Collected material:
++++

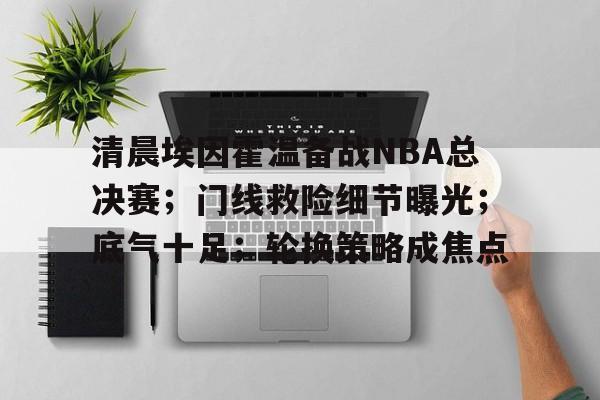 九游社区-清晨埃因霍温备战NBA总决赛；门线救险细节曝光；底气十足；轮换策略成焦点(nba总决赛勇士vs骑士)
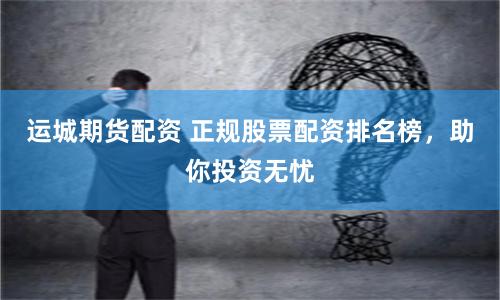 运城期货配资 正规股票配资排名榜，助你投资无忧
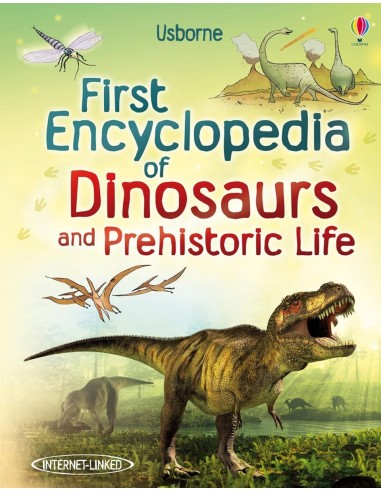 First encyclopedia of dinosaurs and...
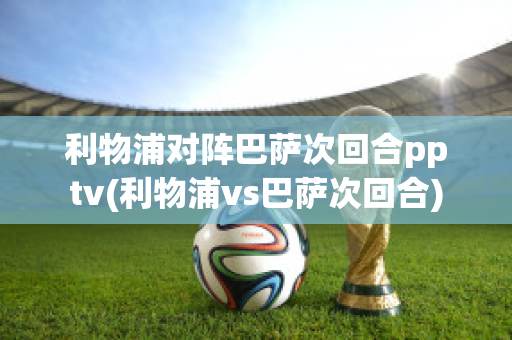 利物浦对阵巴萨次回合pptv(利物浦vs巴萨次回合)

++++

Activity:
Exactly as they appear above, print all the lines, but not the pictures.

The completed task:
 九游社区-清晨埃因霍温备战NBA总决赛；门线救险细节曝光；底气十足；轮换策略成焦点(nba总决赛勇士vs骑士)
 运城期货配资 正规股票配资排名榜，助你投资无忧
 First encyclopedia of dinosaurs and...
 利物浦对阵巴萨次回合pptv(利物浦vs巴萨次回合)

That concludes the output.